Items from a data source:
- - -

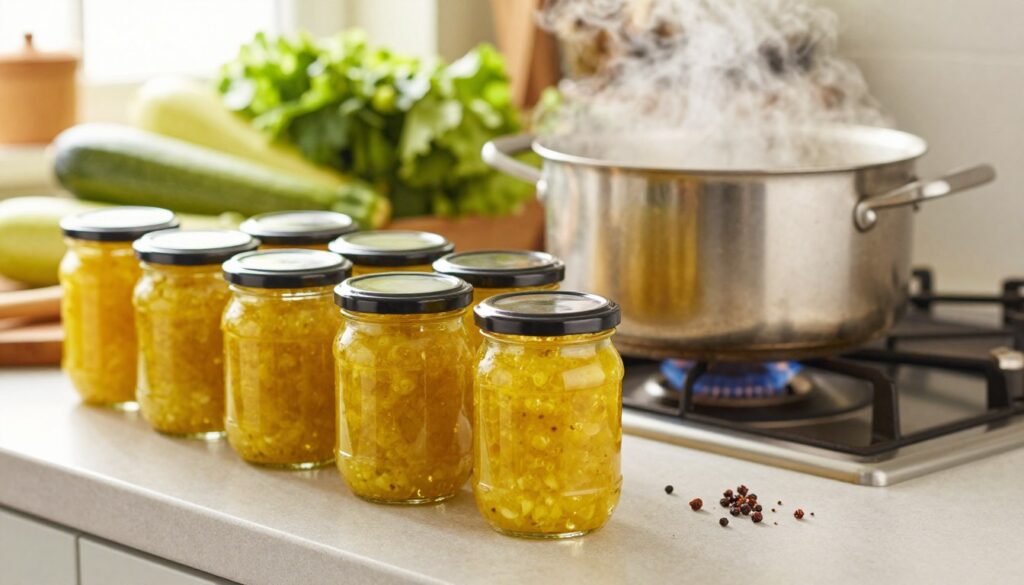 A serene kitchen scene showcasing the process of pasteurizing jars filled with bright, vibrant zucchini sweet and sour sauce. In the foreground, a polished countertop holds neatly arranged glass jars, their lids gleaming under soft, warm lighting. The middle ground features a large pot boiling on the stove, with steam rising gently, creating a cozy atmosphere. In the background, there are fresh zucchinis, herbs, and spices artfully arranged, emphasizing the freshness of the ingredients. The lighting is bright yet soft, enhancing the colors of the ingredients. Capture the essence of home cooking in autumn, with a focus on warmth, tradition, and the anticipation of winter preserves. The angle should be slightly tilted to provide depth to the scene while maintaining clarity on the jars and pot.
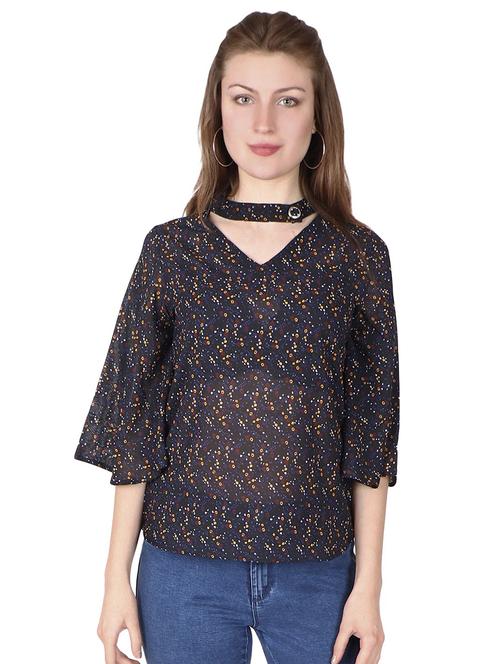 choker neck printed top - 18349311 - Standard Image - 0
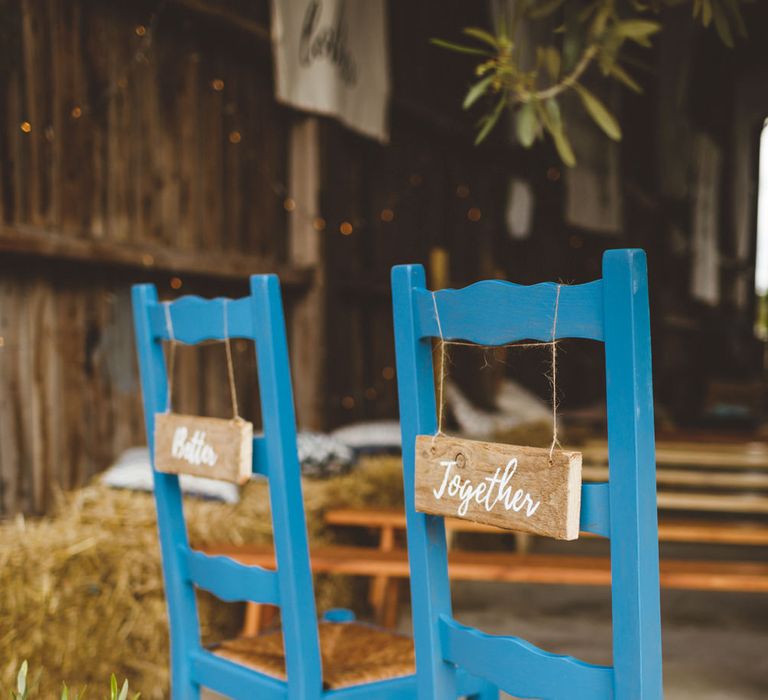 Blue Wooden Chairs For Wedding // Daisy By Halfpenny London For A Boho Barn Wedding In Yorkshire With Decor By Wild At Heart Weddings Images By Photography 34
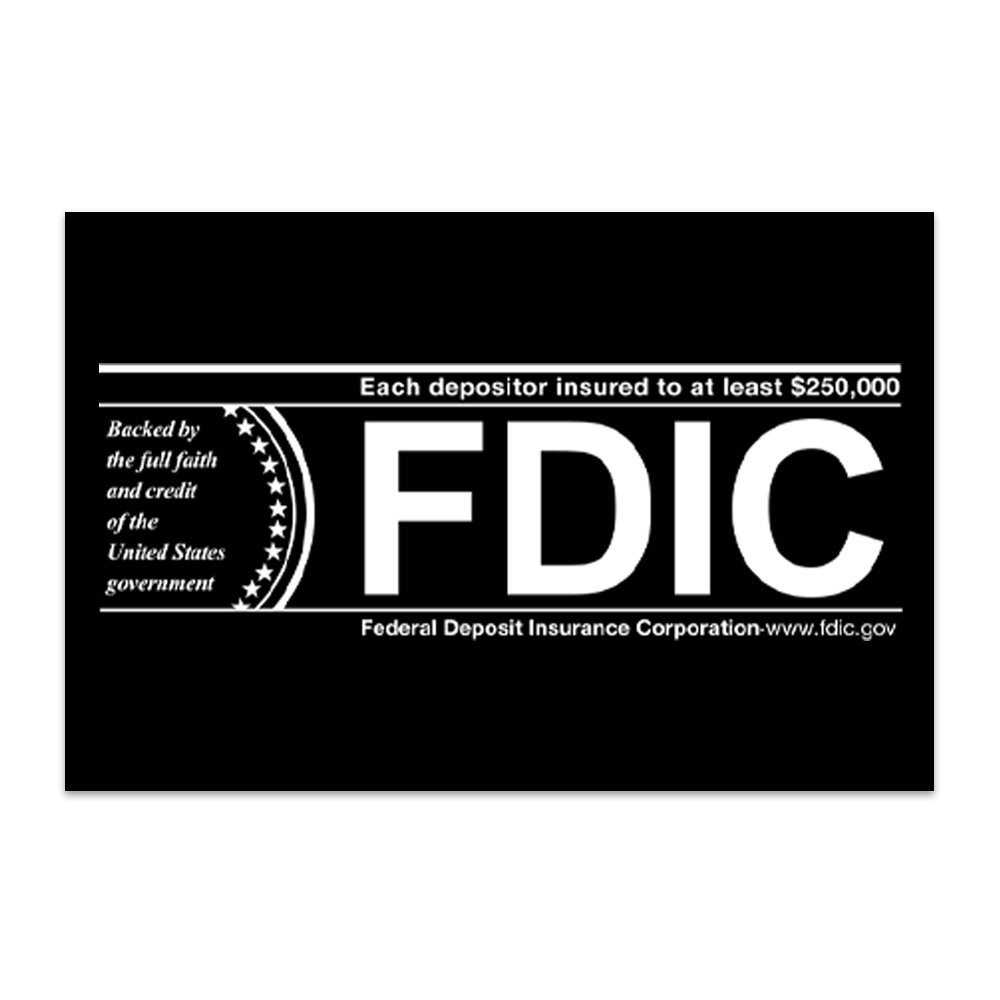 1/3 Size Magnetic FDIC Logo Insert Only Blk w/ White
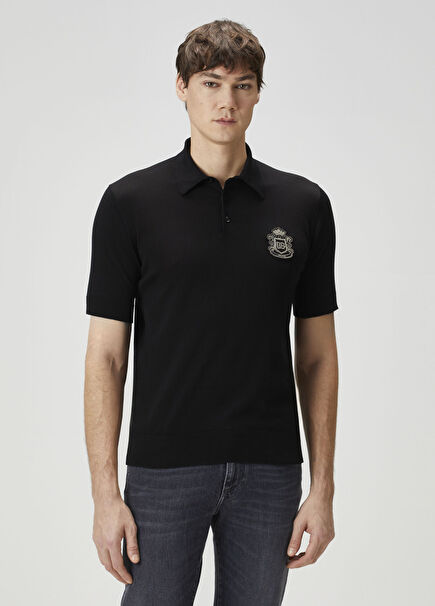 Black Short Sleeve Silk Polo Sweater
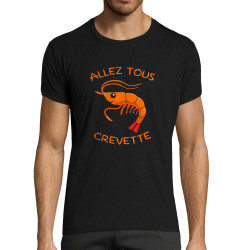 T-shirt homme fit noir Allez tous crevette (Gondrax,Animaux,Humour)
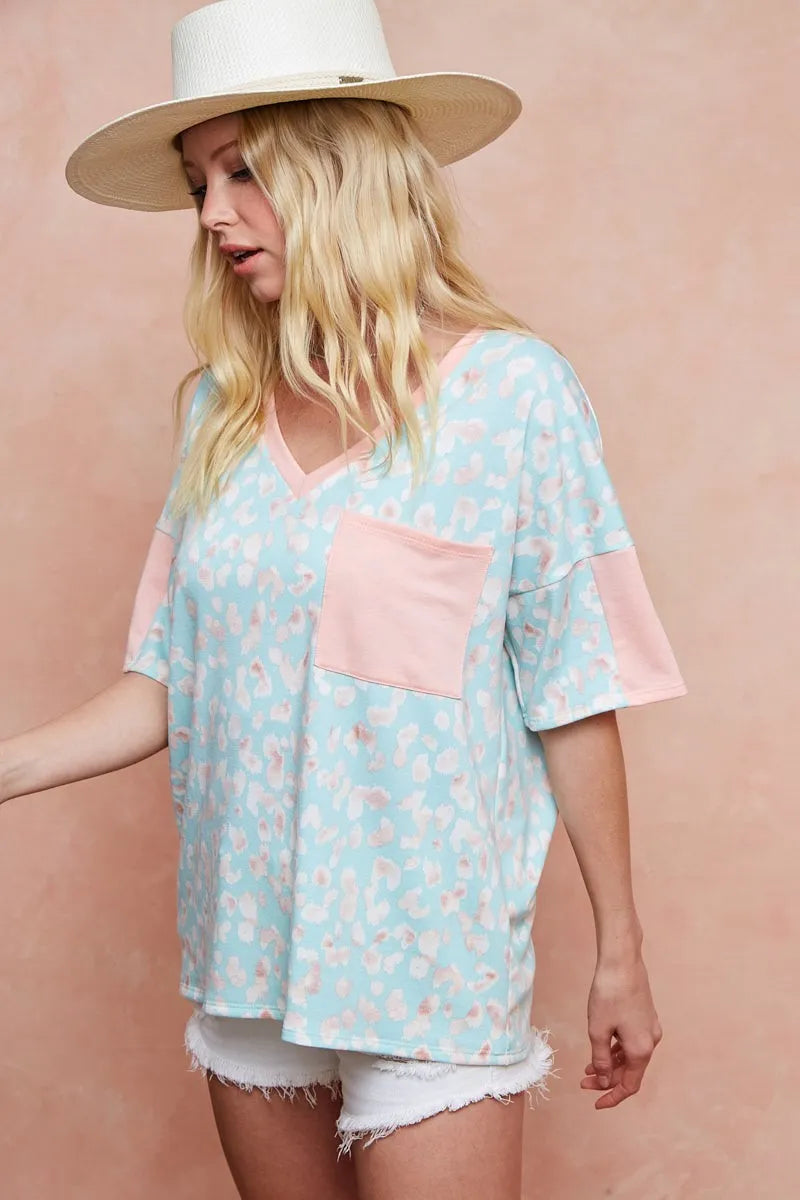 BiBi T-Shirt Mint Pink Multi Color Leopard Printed French Terry Pocketed Top 138b275e889341e394bb505ef1eb2756-Max-Origin Trendsi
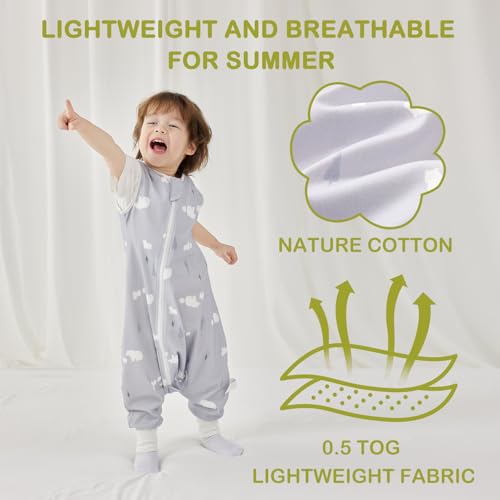 Nivolltha 0.5 TOG Baby Sleeping Bag with Legs, 100% Cotton, Super Soft Summer Sleep Sack for Toddlers Bear, XS - Image 3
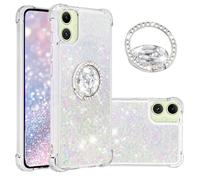 Ephoou Liquid Glitter Case for Compatible for Samsung Galaxy A07 4G/ Galaxy A06 with Diamond Kickstand, Women Girls Heart Floating Sparkle Soft TPU Shockproof Cover for Samsung A07 4G LSZ-Colorful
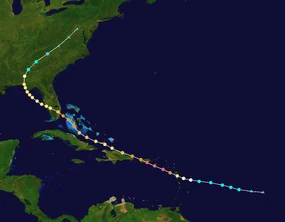 Map plotting the storm's track and intensity, according to the Map key


&nbsp;&nbsp; Tropical&nbsp;depression (≤38&nbsp;mph,&nbsp;≤62&nbsp;km/h)
&nbsp;&nbsp; Tropical&nbsp;storm (39–54&nbsp;mph,&nbsp;63–87&nbsp;km/h)
&nbsp;&nbsp; Category&nbsp;1 (74–95&nbsp;mph,&nbsp;119–153&nbsp;km/h)
&nbsp;&nbsp; Category&nbsp;2 (96–110&nbsp;mph,&nbsp;154–177&nbsp;km/h)
&nbsp;&nbsp; Category&nbsp;3 (111–129&nbsp;mph,&nbsp;178–208&nbsp;km/h)
&nbsp;&nbsp; Category&nbsp;4 (130–156&nbsp;mph,&nbsp;209–251&nbsp;km/h)
&nbsp;&nbsp; Category&nbsp;5 (≥157&nbsp;mph,&nbsp;≥252&nbsp;km/h)



Storm type
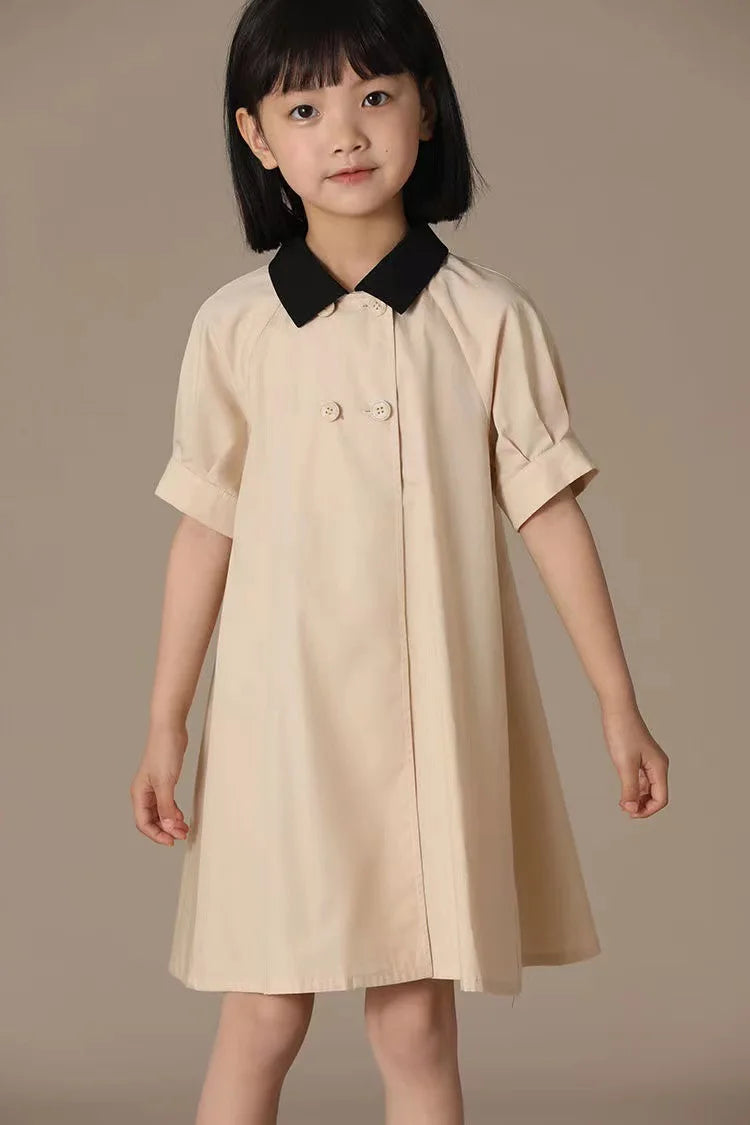 Girls Dress 2025 Spring Summer New Simple Temperament Cotton Contrasting Turn-down Collar Dress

- - -

◆ **What you will do**:
The expected response is every entry above, repeated exactly, pictures removed.

◆ **Response area**:
 A serene kitchen scene showcasing the process of pasteurizing jars filled with bright, vibrant zucchini sweet and sour sauce. In the foreground, a polished countertop holds neatly arranged glass jars, their lids gleaming under soft, warm lighting. The middle ground features a large pot boiling on the stove, with steam rising gently, creating a cozy atmosphere. In the background, there are fresh zucchinis, herbs, and spices artfully arranged, emphasizing the freshness of the ingredients. The lighting is bright yet soft, enhancing the colors of the ingredients. Capture the essence of home cooking in autumn, with a focus on warmth, tradition, and the anticipation of winter preserves. The angle should be slightly tilted to provide depth to the scene while maintaining clarity on the jars and pot.
 choker neck printed top - 18349311 - Standard Image - 0
 Blue Wooden Chairs For Wedding // Daisy By Halfpenny London For A Boho Barn Wedding In Yorkshire With Decor By Wild At Heart Weddings Images By Photography 34
 1/3 Size Magnetic FDIC Logo Insert Only Blk w/ White
 Black Short Sleeve Silk Polo Sweater
 T-shirt homme fit noir Allez tous crevette (Gondrax,Animaux,Humour)
 BiBi T-Shirt Mint Pink Multi Color Leopard Printed French Terry Pocketed Top 138b275e889341e394bb505ef1eb2756-Max-Origin Trendsi
 Nivolltha 0.5 TOG Baby Sleeping Bag with Legs, 100% Cotton, Super Soft Summer Sleep Sack for Toddlers Bear, XS - Image 3
 Ephoou Liquid Glitter Case for Compatible for Samsung Galaxy A07 4G/ Galaxy A06 with Diamond Kickstand, Women Girls Heart Floating Sparkle Soft TPU Shockproof Cover for Samsung A07 4G LSZ-Colorful
 Map plotting the storm's track and intensity, according to the Map key


&nbsp;&nbsp; Tropical&nbsp;depression (≤38&nbsp;mph,&nbsp;≤62&nbsp;km/h)
&nbsp;&nbsp; Tropical&nbsp;storm (39–54&nbsp;mph,&nbsp;63–87&nbsp;km/h)
&nbsp;&nbsp; Category&nbsp;1 (74–95&nbsp;mph,&nbsp;119–153&nbsp;km/h)
&nbsp;&nbsp; Category&nbsp;2 (96–110&nbsp;mph,&nbsp;154–177&nbsp;km/h)
&nbsp;&nbsp; Category&nbsp;3 (111–129&nbsp;mph,&nbsp;178–208&nbsp;km/h)
&nbsp;&nbsp; Category&nbsp;4 (130–156&nbsp;mph,&nbsp;209–251&nbsp;km/h)
&nbsp;&nbsp; Category&nbsp;5 (≥157&nbsp;mph,&nbsp;≥252&nbsp;km/h)



Storm type
 Girls Dress 2025 Spring Summer New Simple Temperament Cotton Contrasting Turn-down Collar Dress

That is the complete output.